Source records:
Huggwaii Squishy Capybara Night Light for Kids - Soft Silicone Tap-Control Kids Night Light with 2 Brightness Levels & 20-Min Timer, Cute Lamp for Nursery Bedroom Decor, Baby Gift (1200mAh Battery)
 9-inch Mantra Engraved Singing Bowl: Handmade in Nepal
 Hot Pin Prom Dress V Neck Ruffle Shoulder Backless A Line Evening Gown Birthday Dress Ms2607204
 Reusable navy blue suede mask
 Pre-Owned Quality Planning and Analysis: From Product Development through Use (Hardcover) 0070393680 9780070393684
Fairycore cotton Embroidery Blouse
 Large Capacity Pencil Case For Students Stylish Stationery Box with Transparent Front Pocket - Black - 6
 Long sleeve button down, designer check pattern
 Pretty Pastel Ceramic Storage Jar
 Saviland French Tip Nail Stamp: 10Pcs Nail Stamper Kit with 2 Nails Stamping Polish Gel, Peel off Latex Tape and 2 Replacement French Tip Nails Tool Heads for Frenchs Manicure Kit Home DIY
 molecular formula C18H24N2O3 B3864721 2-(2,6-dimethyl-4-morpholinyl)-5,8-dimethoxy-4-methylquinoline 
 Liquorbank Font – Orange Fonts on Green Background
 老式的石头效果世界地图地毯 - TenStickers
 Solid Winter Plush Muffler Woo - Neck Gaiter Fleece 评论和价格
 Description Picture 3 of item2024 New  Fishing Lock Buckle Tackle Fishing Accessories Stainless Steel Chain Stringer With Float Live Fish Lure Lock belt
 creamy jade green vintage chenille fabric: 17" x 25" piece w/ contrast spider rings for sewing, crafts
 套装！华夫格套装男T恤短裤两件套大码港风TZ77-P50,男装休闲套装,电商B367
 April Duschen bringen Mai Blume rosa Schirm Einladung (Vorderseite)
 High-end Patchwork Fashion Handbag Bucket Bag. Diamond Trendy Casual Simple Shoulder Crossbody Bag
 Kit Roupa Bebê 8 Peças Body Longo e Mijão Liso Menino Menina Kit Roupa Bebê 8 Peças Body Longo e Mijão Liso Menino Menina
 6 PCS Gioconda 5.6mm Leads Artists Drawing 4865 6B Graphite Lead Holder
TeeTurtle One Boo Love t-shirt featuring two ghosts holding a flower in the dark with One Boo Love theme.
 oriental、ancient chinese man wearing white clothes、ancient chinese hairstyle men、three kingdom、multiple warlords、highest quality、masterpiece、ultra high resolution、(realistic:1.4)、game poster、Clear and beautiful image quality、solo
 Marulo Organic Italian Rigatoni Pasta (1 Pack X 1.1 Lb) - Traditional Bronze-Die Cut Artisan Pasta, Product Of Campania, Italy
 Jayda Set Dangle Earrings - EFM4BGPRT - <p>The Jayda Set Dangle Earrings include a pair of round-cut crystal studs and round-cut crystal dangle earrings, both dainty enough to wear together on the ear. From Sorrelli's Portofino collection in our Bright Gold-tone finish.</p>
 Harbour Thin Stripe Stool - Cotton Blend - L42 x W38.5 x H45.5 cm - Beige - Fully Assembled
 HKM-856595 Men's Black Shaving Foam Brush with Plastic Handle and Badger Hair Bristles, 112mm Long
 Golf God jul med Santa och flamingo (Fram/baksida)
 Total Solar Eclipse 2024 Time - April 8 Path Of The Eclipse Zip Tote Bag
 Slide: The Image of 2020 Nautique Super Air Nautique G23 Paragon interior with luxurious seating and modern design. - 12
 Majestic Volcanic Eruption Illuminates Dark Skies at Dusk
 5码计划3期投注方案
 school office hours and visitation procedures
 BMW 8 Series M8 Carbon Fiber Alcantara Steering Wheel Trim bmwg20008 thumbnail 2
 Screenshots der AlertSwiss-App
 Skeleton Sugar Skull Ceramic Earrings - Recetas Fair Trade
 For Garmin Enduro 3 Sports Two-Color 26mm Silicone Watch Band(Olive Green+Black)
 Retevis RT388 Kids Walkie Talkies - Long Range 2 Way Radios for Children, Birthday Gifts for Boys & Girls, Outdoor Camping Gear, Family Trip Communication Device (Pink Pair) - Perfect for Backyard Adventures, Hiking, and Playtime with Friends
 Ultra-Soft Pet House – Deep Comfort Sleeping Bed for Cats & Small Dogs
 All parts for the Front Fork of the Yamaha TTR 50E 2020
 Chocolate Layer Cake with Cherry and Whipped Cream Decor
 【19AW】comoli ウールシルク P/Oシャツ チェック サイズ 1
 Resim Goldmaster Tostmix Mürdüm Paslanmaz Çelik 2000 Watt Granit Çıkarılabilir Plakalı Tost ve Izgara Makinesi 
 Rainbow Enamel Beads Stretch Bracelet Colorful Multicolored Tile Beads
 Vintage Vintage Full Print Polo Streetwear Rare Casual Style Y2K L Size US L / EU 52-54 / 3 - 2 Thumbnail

Aim of the exercise
All of the entries above need to be retyped exactly.

Task output
Huggwaii Squishy Capybara Night Light for Kids - Soft Silicone Tap-Control Kids Night Light with 2 Brightness Levels & 20-Min Timer, Cute Lamp for Nursery Bedroom Decor, Baby Gift (1200mAh Battery)
 9-inch Mantra Engraved Singing Bowl: Handmade in Nepal
 Hot Pin Prom Dress V Neck Ruffle Shoulder Backless A Line Evening Gown Birthday Dress Ms2607204
 Reusable navy blue suede mask
 Pre-Owned Quality Planning and Analysis: From Product Development through Use (Hardcover) 0070393680 9780070393684
Fairycore cotton Embroidery Blouse
 Large Capacity Pencil Case For Students Stylish Stationery Box with Transparent Front Pocket - Black - 6
 Long sleeve button down, designer check pattern
 Pretty Pastel Ceramic Storage Jar
 Saviland French Tip Nail Stamp: 10Pcs Nail Stamper Kit with 2 Nails Stamping Polish Gel, Peel off Latex Tape and 2 Replacement French Tip Nails Tool Heads for Frenchs Manicure Kit Home DIY
 molecular formula C18H24N2O3 B3864721 2-(2,6-dimethyl-4-morpholinyl)-5,8-dimethoxy-4-methylquinoline 
 Liquorbank Font – Orange Fonts on Green Background
 老式的石头效果世界地图地毯 - TenStickers
 Solid Winter Plush Muffler Woo - Neck Gaiter Fleece 评论和价格
 Description Picture 3 of item2024 New  Fishing Lock Buckle Tackle Fishing Accessories Stainless Steel Chain Stringer With Float Live Fish Lure Lock belt
 creamy jade green vintage chenille fabric: 17" x 25" piece w/ contrast spider rings for sewing, crafts
 套装！华夫格套装男T恤短裤两件套大码港风TZ77-P50,男装休闲套装,电商B367
 April Duschen bringen Mai Blume rosa Schirm Einladung (Vorderseite)
 High-end Patchwork Fashion Handbag Bucket Bag. Diamond Trendy Casual Simple Shoulder Crossbody Bag
 Kit Roupa Bebê 8 Peças Body Longo e Mijão Liso Menino Menina Kit Roupa Bebê 8 Peças Body Longo e Mijão Liso Menino Menina
 6 PCS Gioconda 5.6mm Leads Artists Drawing 4865 6B Graphite Lead Holder
TeeTurtle One Boo Love t-shirt featuring two ghosts holding a flower in the dark with One Boo Love theme.
 oriental、ancient chinese man wearing white clothes、ancient chinese hairstyle men、three kingdom、multiple warlords、highest quality、masterpiece、ultra high resolution、(realistic:1.4)、game poster、Clear and beautiful image quality、solo
 Marulo Organic Italian Rigatoni Pasta (1 Pack X 1.1 Lb) - Traditional Bronze-Die Cut Artisan Pasta, Product Of Campania, Italy
 Jayda Set Dangle Earrings - EFM4BGPRT - <p>The Jayda Set Dangle Earrings include a pair of round-cut crystal studs and round-cut crystal dangle earrings, both dainty enough to wear together on the ear. From Sorrelli's Portofino collection in our Bright Gold-tone finish.</p>
 Harbour Thin Stripe Stool - Cotton Blend - L42 x W38.5 x H45.5 cm - Beige - Fully Assembled
 HKM-856595 Men's Black Shaving Foam Brush with Plastic Handle and Badger Hair Bristles, 112mm Long
 Golf God jul med Santa och flamingo (Fram/baksida)
 Total Solar Eclipse 2024 Time - April 8 Path Of The Eclipse Zip Tote Bag
 Slide: The Image of 2020 Nautique Super Air Nautique G23 Paragon interior with luxurious seating and modern design. - 12
 Majestic Volcanic Eruption Illuminates Dark Skies at Dusk
 5码计划3期投注方案
 school office hours and visitation procedures
 BMW 8 Series M8 Carbon Fiber Alcantara Steering Wheel Trim bmwg20008 thumbnail 2
 Screenshots der AlertSwiss-App
 Skeleton Sugar Skull Ceramic Earrings - Recetas Fair Trade
 For Garmin Enduro 3 Sports Two-Color 26mm Silicone Watch Band(Olive Green+Black)
 Retevis RT388 Kids Walkie Talkies - Long Range 2 Way Radios for Children, Birthday Gifts for Boys & Girls, Outdoor Camping Gear, Family Trip Communication Device (Pink Pair) - Perfect for Backyard Adventures, Hiking, and Playtime with Friends
 Ultra-Soft Pet House – Deep Comfort Sleeping Bed for Cats & Small Dogs
 All parts for the Front Fork of the Yamaha TTR 50E 2020
 Chocolate Layer Cake with Cherry and Whipped Cream Decor
 【19AW】comoli ウールシルク P/Oシャツ チェック サイズ 1
 Resim Goldmaster Tostmix Mürdüm Paslanmaz Çelik 2000 Watt Granit Çıkarılabilir Plakalı Tost ve Izgara Makinesi 
 Rainbow Enamel Beads Stretch Bracelet Colorful Multicolored Tile Beads
 Vintage Vintage Full Print Polo Streetwear Rare Casual Style Y2K L Size US L / EU 52-54 / 3 - 2 Thumbnail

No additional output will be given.